Orbit of a point under the action of the stabiliser of another point

Question

I'm wondering, for a group $G$ acting on a set $X$, what can be said about the orbit of a point under the action of a stabiliser subgroup of $G$. Let $x\in X$ and let $H = {\rm Stab}_G(x)$. Obviously $|H\cdot x|$ is going to be $1$, but what can we say about $|H\cdot y|$ for some other $y\in X$, perhaps in relation to $|G\cdot y|$? If that not much can be said in general, feel free to put interesting restrictions on $y$, e.g., $y$ in $G\cdot x$.

Edit. I guess the original question was far too vague. I am still interested in the general question, but in the specific examples I am thinking of, $X$ is the set of vertices of a finite graph and $G$ acts by graph automorphisms. Does this extra information tell us more about $H\cdot y$?

Answer 1

As of little/no interest as it may be, I'd warm up by noting that, if $\operatorname{Stab}_G(x)\unlhd G$, then $|\operatorname{Stab}_G(x)\cdot y|=1$ for every $y\in O_G(x)$ (the orbit of $x$ under the $G$-action). In fact:

\begin{alignat}{1} \operatorname{Stab}_G(x)\cdot y &= \{h\cdot y\mid h\in \operatorname{Stab}_G(x)\} \end{alignat}

If $y\in O_G(x)$, then $\exists g\in G\mid y=g\cdot x$, and hence:

\begin{alignat}{1} \operatorname{Stab}_G(x)\cdot y &= \{h\cdot (g\cdot x)\mid h\in \operatorname{Stab}_G(x)\} \\ &= \{(hg)\cdot x\mid h\in \operatorname{Stab}_G(x)\} \\ \end{alignat}

If, further, $\operatorname{Stab}_G(x)\unlhd G$, then:

\begin{alignat}{1} \operatorname{Stab}_G(x)\cdot y &= \{(hg)\cdot x\mid h\in \operatorname{Stab}_G(x)\} \\ &= \{(gh')\cdot x\mid h'\in \operatorname{Stab}_G(x)\} \\ &= \{g\cdot (h'\cdot x)\mid h'\in \operatorname{Stab}_G(x)\} \\ &= \{g\cdot x\} \\ &= \{y\} \\ \end{alignat}

and $|\operatorname{Stab}_G(x)\cdot y|=1$.

Answer 2

There is a lot one can say about $\text{Aut}(X)$ acting on $X$. Much of Algebriac Graph Theory is devoted to this. The Wikipedia page (https://en.wikipedia.org/wiki/Graph_automorphism#Graph_families_defined_by_their_automorphisms) is a good starting point for the highlights.
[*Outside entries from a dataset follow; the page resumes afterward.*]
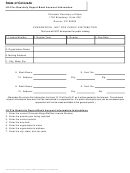 Form Le-21a - Quarterly Report Bank Account Information - Secretary Of State, State Of Colorado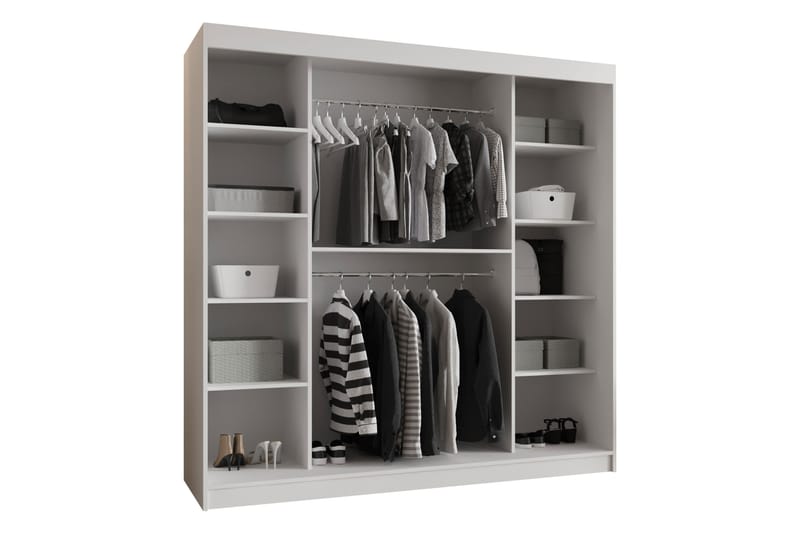 Tallmo Garderob m. Spegel 200x200 cm - Förvaring - Klädförvaring - Garderob & garderobssystem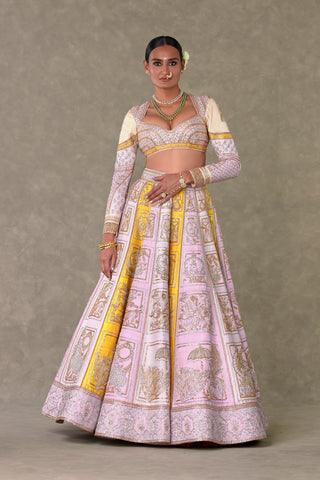 House Of Masaba-Lilac Kasata Lehenga Set-INDIASPOPUP.COM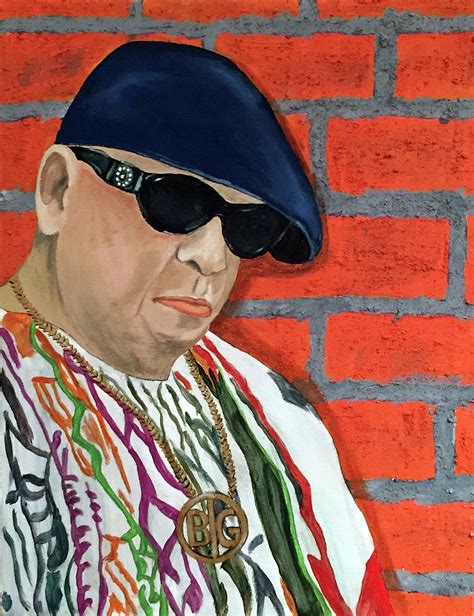 Portrait Of The Artist As Biggie Smalls Painting By Kevin Callahan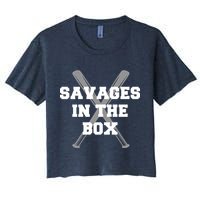 Savages In The Box Baseball Bats Crop Top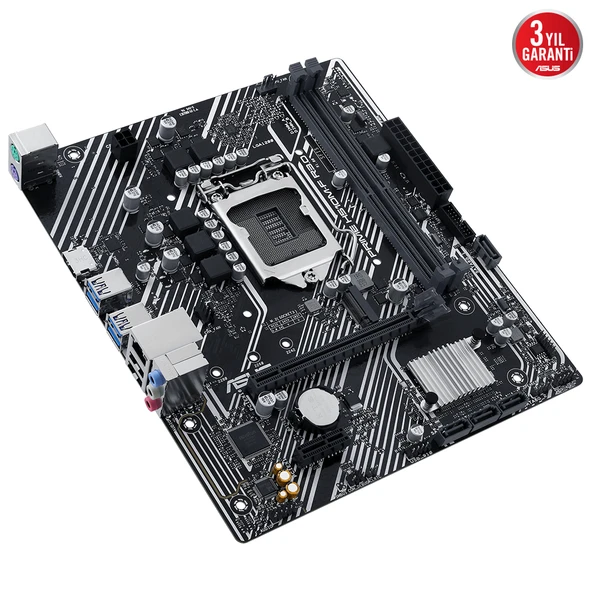 ASUS PRIME H510M-F R3.0-CSM INTEL H470 LGA1200 HDMI VGA ANAKART - Resim 4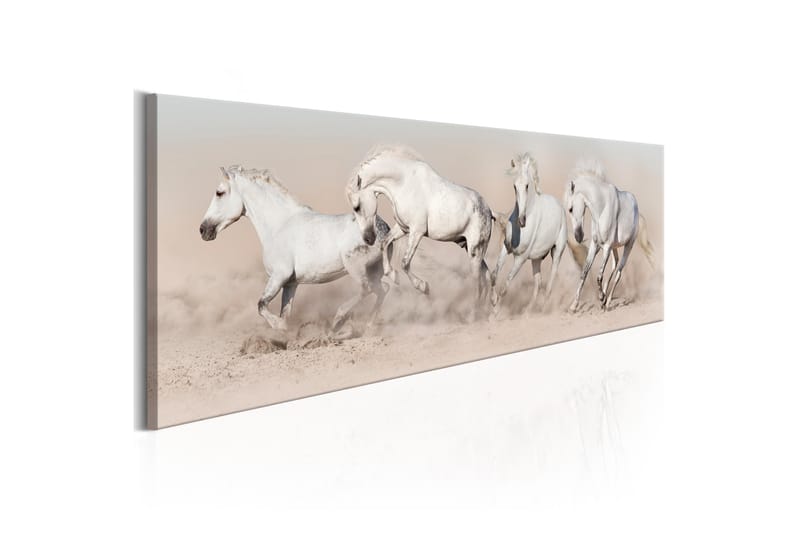 Tavla Wild Beauty 150X50 Beige|Vit Djur, Artgeist sp. z o. o.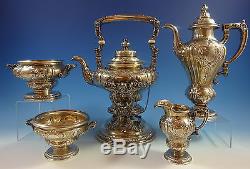 King George by Gorham Sterling Silver Tea Set 5pc (#1293) Fabulous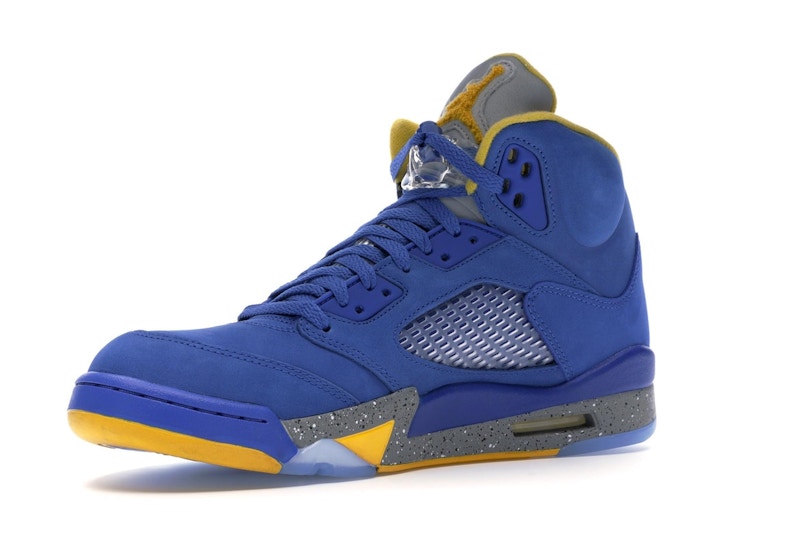Jordan 5 Retro JSP Laney Varsity Royal - vue 16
There are a couple natural families with which to start, including:

• Vertex-Transitive Graphs (i.e., Graphs $X$ where $\text{Aut}(X)$ acts transitively on $V(X)$.)
• Cayley graphs, which are defined as follows. Let $G$ be a group, and let $S \subset G$ such that $1 \not \in S$. The Cayley graph $\text{Cay}(G, S)$ has vertex set $G$. There is an edge $(g, h)$ iff there exists $s \in S$ such that $gs = h$. If $S = S^{-1}$, then we consider $\text{Cay}(G, S)$ to be undirected (rather than having directed edges going both ways). Otherwise, $\text{Cay}(G, S)$ is directed. Cayley graphs are vertex transitive.

For a comprehensive treatment, I'd start with the Algebraic Graph Theory text by Godsil and Royle.

Answer 3

One interesting result connected to this question is the Sims Conjecture, dating from 1967, which was eventually proved using the classification of finite simple groups.

If $G$ acts faithfully and primitively on $X$ and $H = {\rm Stab}_G(x)$ with $x \in X$, then $|H|$ is bounded above as a function of $|H \cdot y|$, for any $y \in X \setminus \{x\}$.